The aspect in the proposal is that management will have the discretion to evaluate disclosures, and if they are not material, they could omit them, and that would not be considered an error. That’s essentially one of the aspects of the proposal.”
I think it safe to assume that Mr. Schnurr pulled out all the stops for the IAC. And despite that, it seems that it persuaded nary a one to view the proposals more kindly. That’s because nobody on the IAC was born yesterday.
Indeed, the PCAOB’s requirements were established in good faith (and ratified by the SEC) to serve investors who welcome safeguards against management abuses. Specifically, except for matters that are clearly trivial, if management does not want to follow authoritative GAAP, it is incumbent upon them to make the audit committee aware of their decision, and to explain why the item is immaterial. Evidently, without any supporting evidence other than a few carefully selected anecdotes from self-interested parties, Mr. Schnurr has concluded that management is overly burdened by the PCAOB’s rules; that the entire process is a waste of time and money. Mr. Schnurr believes that management should have the discretion to omit disclosures without consulting its board, and be subject only to the blessing of the company’s putatively “independent” auditor.
“… [T]he backdrop of the bigger [FASB and SEC] disclosure effectiveness [initiative] is that there are a number of constituents have complained about there is too much extraneous information that’s not material in there, and it skewers [sic] what’s really important. That’s part of the thrust of going forward with this.”
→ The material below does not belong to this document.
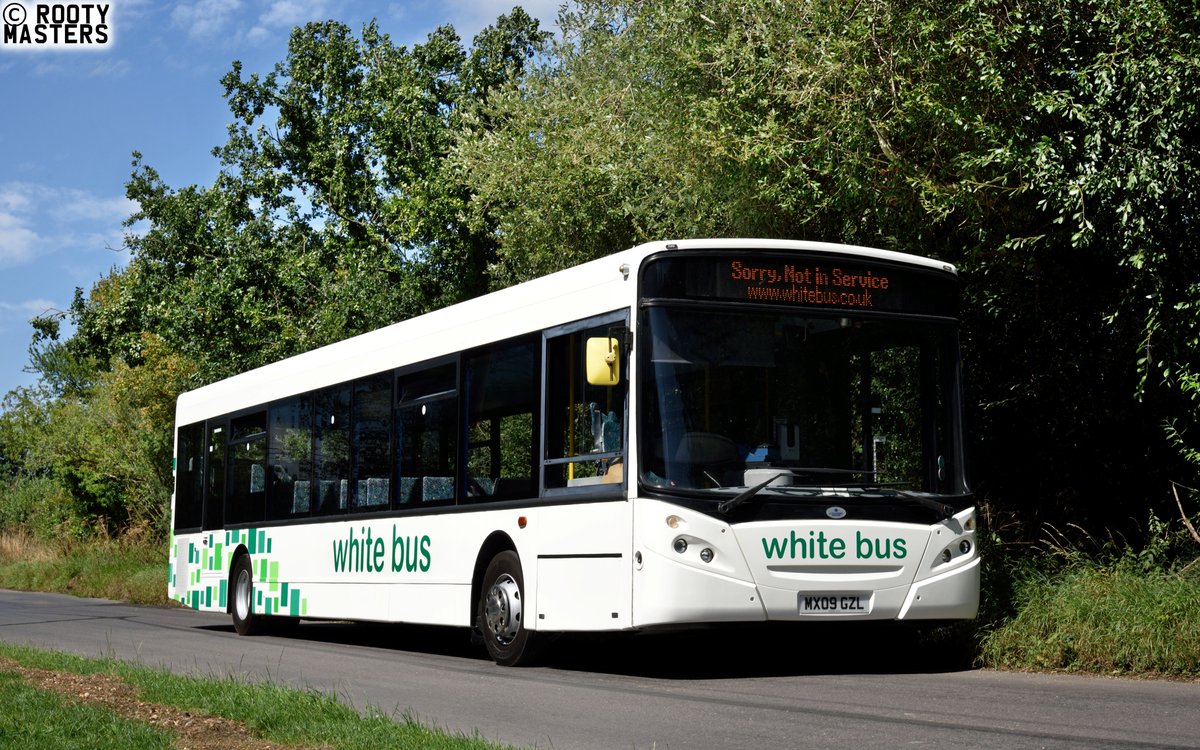 rootymasters's tweet image. White Bus of Winkfield have repainted their yellow ADL Enviro300 B60F bus into full fleet livery. Quite the transformation! @WhiteBusService @lewisjnagle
Like virtually all members of the Accounting Establishment who have risen to the top of its ranks, Mr. Schnurr has developed an ability to tune out inconvenient feedback from investors. As Damon Silvers, associate general counsel for the AFL-CIO, said at the IAC meeting, “more disclosure is better than less in general.” I say that if investors are to get fewer disclosures, they should get better ones in return: like comprehensive detailed reconciliations of balance sheet captions.
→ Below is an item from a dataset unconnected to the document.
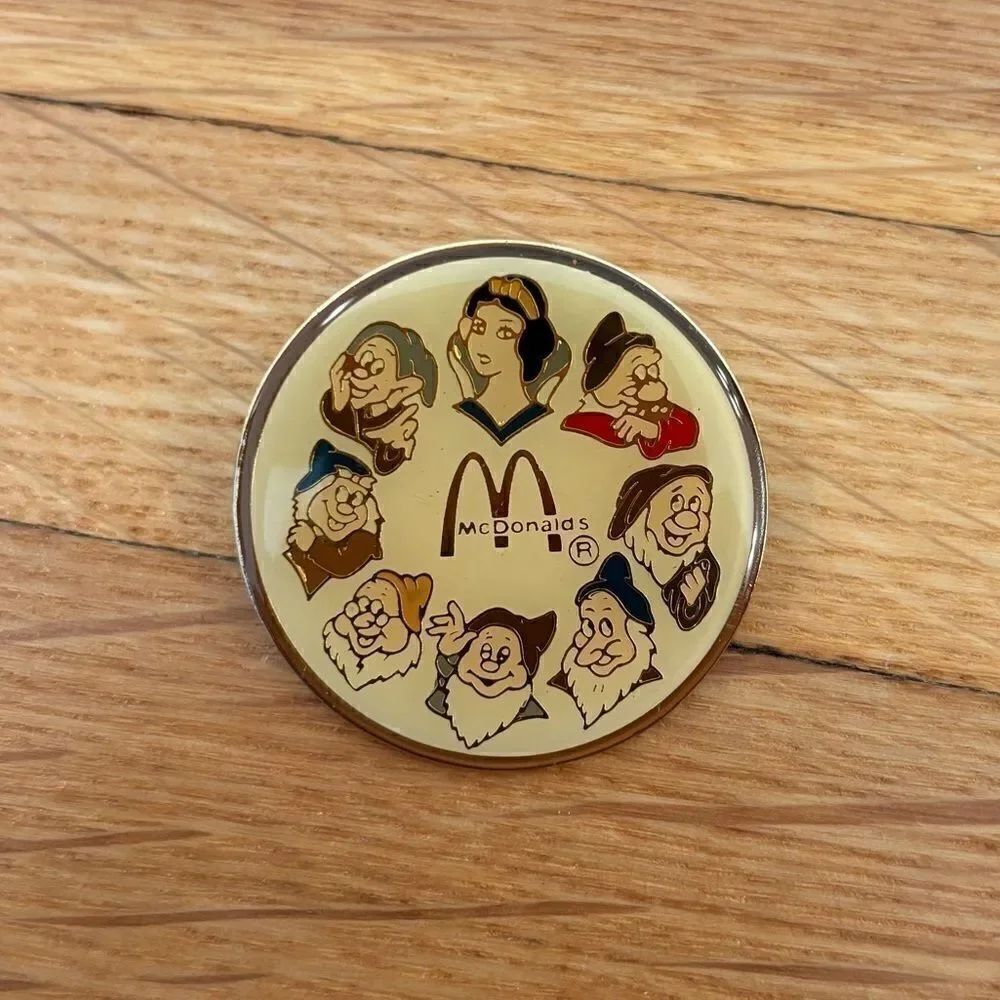 Snow White McDonalds Disney Vintage Round Pin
The fact that [the FASB is] saying it is a legal concept – it is actually consistent with the way it’s applied today.
The reactions of the IAC members strongly suggest that they perceive these proposals as threatening to lower the overall quality of disclosures. As I explained in my previous post on this topic, this is the first time the FASB has ever attempted to make a real distinction between the concepts of relevance and materiality. If any clarification were appropriate it should have been to inform practice that materiality determinations are to be made with the goal of producing a fair presentation. It is not merely a legal exercise.
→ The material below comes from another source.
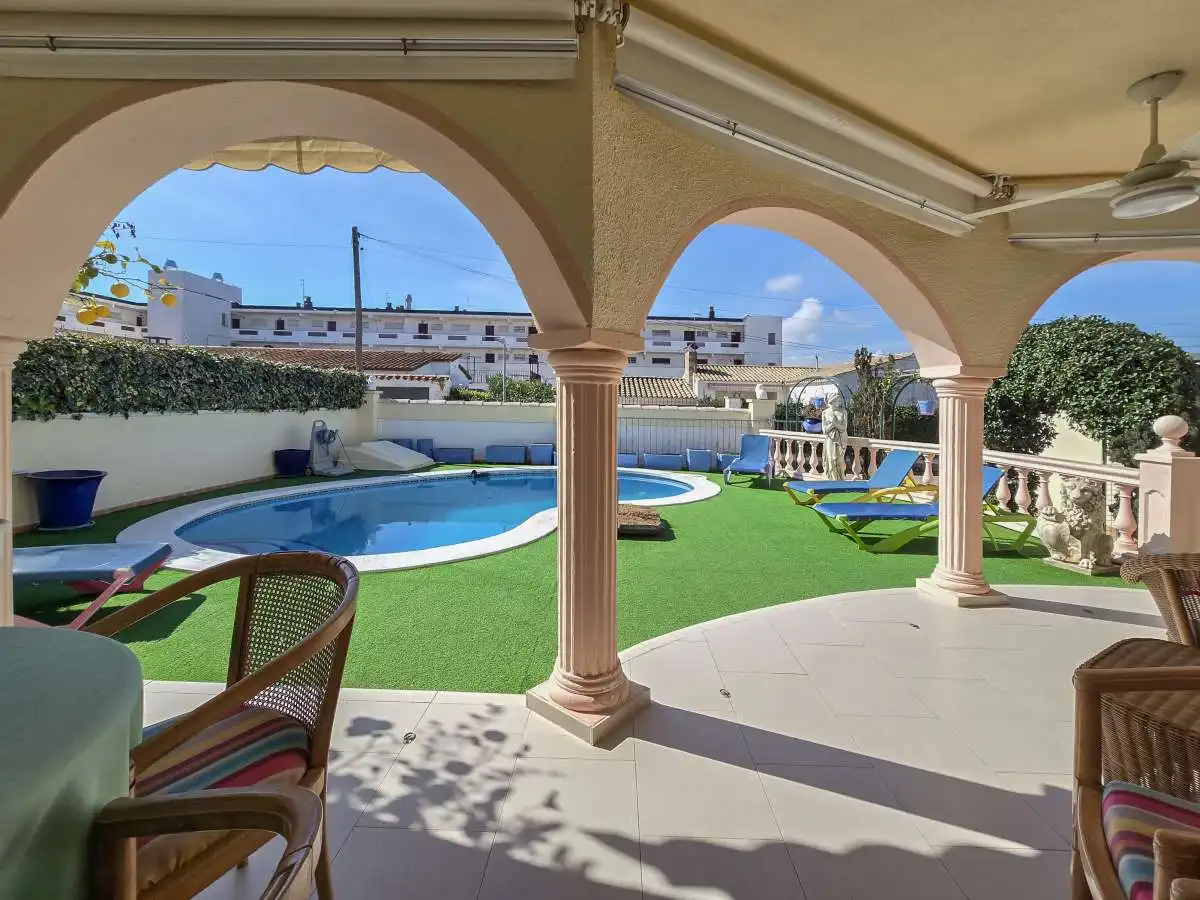 Piscina de Casa o xalet en venda en Empuriabrava amb Calefacció i Jardí privat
“I can tell you from my own 40 years of experience in the profession, the attorneys are not involved in any significant way in the determination of whether something is material.”
Mr. Schnurr would have us believe that if materiality were officially reduced to a legal exercise, preparers and auditors would not rely on lawyers for making materiality determinations.
Gimme a break.
*I am a member of the PCAOB Standing Advisory Group. The opinions expressed in this post are my own.